Christianity was brought to Latin America by the Spanish and Portuguese conquerors of North, Central, and South America in the 16th cent. Sponsored by Ferdinand V and Isabella (the ‘Catholic Kings’), they came to the Americas just after the reconquest of Spain and Portugal from the Muslim Moors of North Africa (completed in 1492, a few months before Columbus's ‘discovery’ of America) and so brought with them a sense of religious citizenship which conflated the RC faith with fealty to the Crown. In the 1494 Treaty of Tordesillas between Spain and Portugal, Pope Alexander VI confirmed their claims to the New World on the basis of their ability to baptize its inhabitants and instruct them in the faith. The Vatican granted to Spain and Portugal the patronato real de las Indias, which gave their sovereigns the right to appoint all bishops within their territories, sealing the bond between the Church and Crown.
Franciscan, Dominican, and Augustinian friars, and later the Jesuits, preached among the indigenous groups of the Americas, with varying degrees of success. The early missionary orders who worked to convert America's great native peoples—the Aztecs of Mexico, the Incas of Peru, the Maya of Guatemala and Yucatán—met with initial resistance, but eventually proved successful, both through coercion and what Bartolomé de Las Casas called ‘peaceful persuasion’, in converting the indigenous people from their pre-hispanic polytheistic religions to Christianity.
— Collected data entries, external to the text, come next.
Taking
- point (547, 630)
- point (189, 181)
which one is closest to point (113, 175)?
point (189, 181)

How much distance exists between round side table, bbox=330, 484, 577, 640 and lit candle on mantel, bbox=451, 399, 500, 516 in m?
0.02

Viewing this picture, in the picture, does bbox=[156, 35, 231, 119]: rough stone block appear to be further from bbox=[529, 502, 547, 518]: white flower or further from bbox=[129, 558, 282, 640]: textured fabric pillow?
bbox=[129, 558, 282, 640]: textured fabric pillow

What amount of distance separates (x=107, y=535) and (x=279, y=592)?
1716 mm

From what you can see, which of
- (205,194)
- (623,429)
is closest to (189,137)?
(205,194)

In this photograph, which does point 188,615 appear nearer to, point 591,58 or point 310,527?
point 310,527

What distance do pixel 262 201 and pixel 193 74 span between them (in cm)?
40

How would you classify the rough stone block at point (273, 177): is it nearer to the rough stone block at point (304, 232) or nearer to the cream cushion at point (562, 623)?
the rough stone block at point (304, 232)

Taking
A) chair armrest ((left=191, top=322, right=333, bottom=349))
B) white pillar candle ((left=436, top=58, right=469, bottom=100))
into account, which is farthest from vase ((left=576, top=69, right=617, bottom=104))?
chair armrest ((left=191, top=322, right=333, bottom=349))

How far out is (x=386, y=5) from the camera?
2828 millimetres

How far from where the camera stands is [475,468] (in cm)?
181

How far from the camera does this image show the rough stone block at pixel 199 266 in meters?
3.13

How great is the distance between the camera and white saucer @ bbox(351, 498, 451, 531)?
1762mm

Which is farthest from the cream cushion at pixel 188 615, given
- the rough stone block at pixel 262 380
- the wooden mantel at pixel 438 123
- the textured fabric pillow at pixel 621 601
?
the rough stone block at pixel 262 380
The Jesuits in the second half of the 16th cent. became the empire builders of New World Catholicism, founding churches, schools, universities, and missions along the distant frontiers of Mexico and Brazil. In the 17th cent. their missions among the Guaraní Indians of Paraguay (based partly on Thomas More's Utopia) were among the best known RC missions. The Jesuits were expelled from Latin America in 1767.
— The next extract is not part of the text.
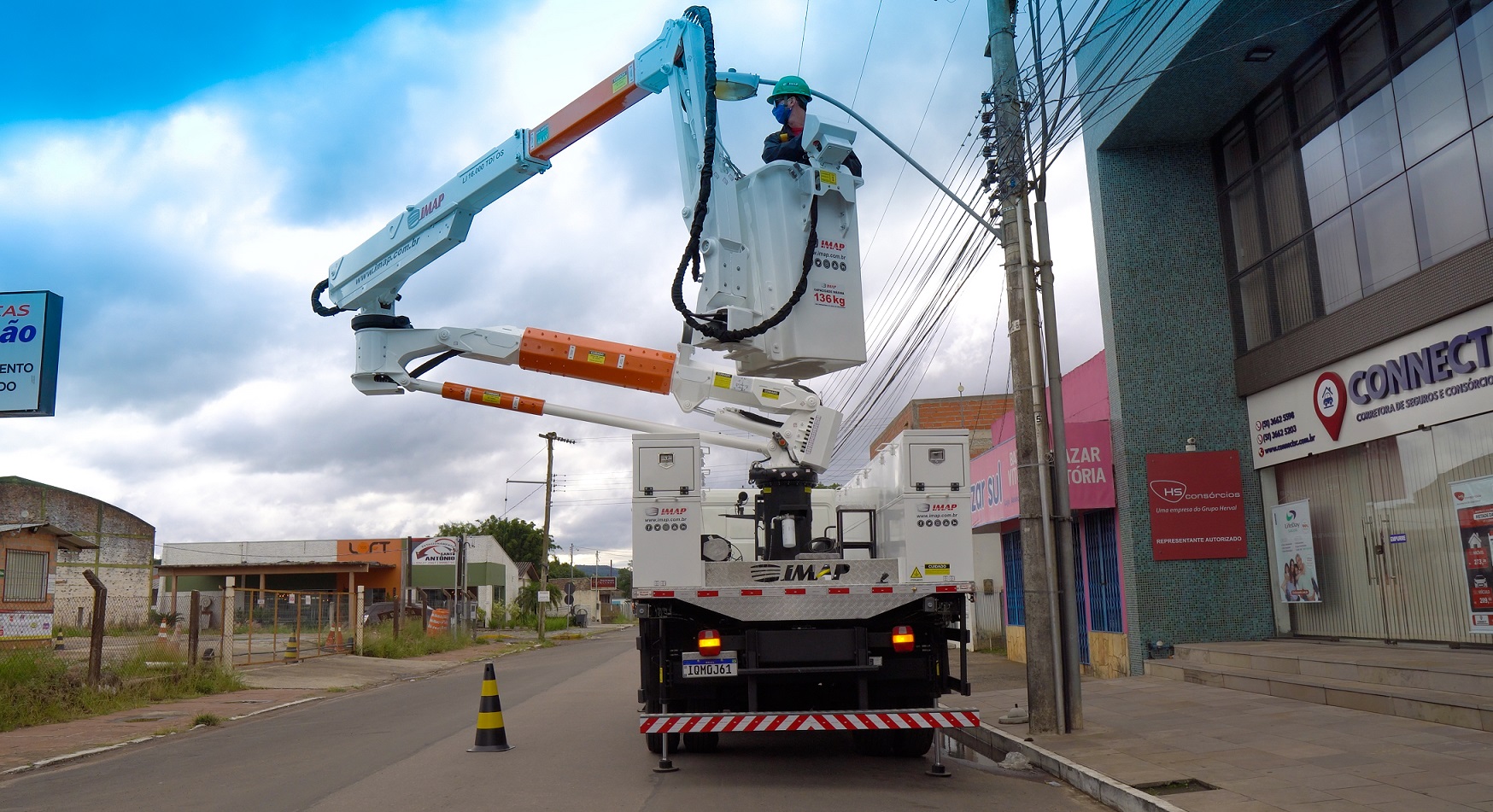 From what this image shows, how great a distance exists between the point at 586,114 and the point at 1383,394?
957cm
By the time that most Latin American countries gained their independence in the early 19th cent. the RC Church was the single most pervasive and influential colonial institution. It was the largest landholder in Ibero–America and managed wealth through various Church-owned financial assets; it ran every institution of higher learning; it controlled the political and intellectual life of the colonies through the Inquisition; and it had an active or passive presence through parish life in virtually every community. Viewing the RC Church as a conservative and atavistic competitor for power, the new liberal national governments sought to replace their citizens' loyalty to the Church with nationalism. Influenced by the Deism of the French and American revolutions, new national governments enacted anti-clerical policies that much reduced the Church's institutional presence in many Latin American countries in the course of the 19th and early 20th cents. Nevertheless Catholicism remained the dominant presence on the spiritual landscape of Latin America, an enduring reflection of what historians have called the ‘spiritual conquest of Latin America’. The conquest was in reality incomplete, as evidenced by the enduring presence of indigenous religion mixed with Catholic beliefs and rituals, a practice known variously as ‘folk Catholicism’, ‘religious syncretism’ or ‘creolized religion’ that is still common in regions that have large indigenous populations, such as southern Mexico, Guatemala, Ecuador, and Peru. Within areas with a sizable population of African descent, such as Brazil and the Caribbean, African religious beliefs and practices have merged with Catholicism to form diasporan religions that give the names of Catholic saints to African gods, and whose adherents engage in spirit possession and blood sacrifices which have no parallel in orthodox Catholicism.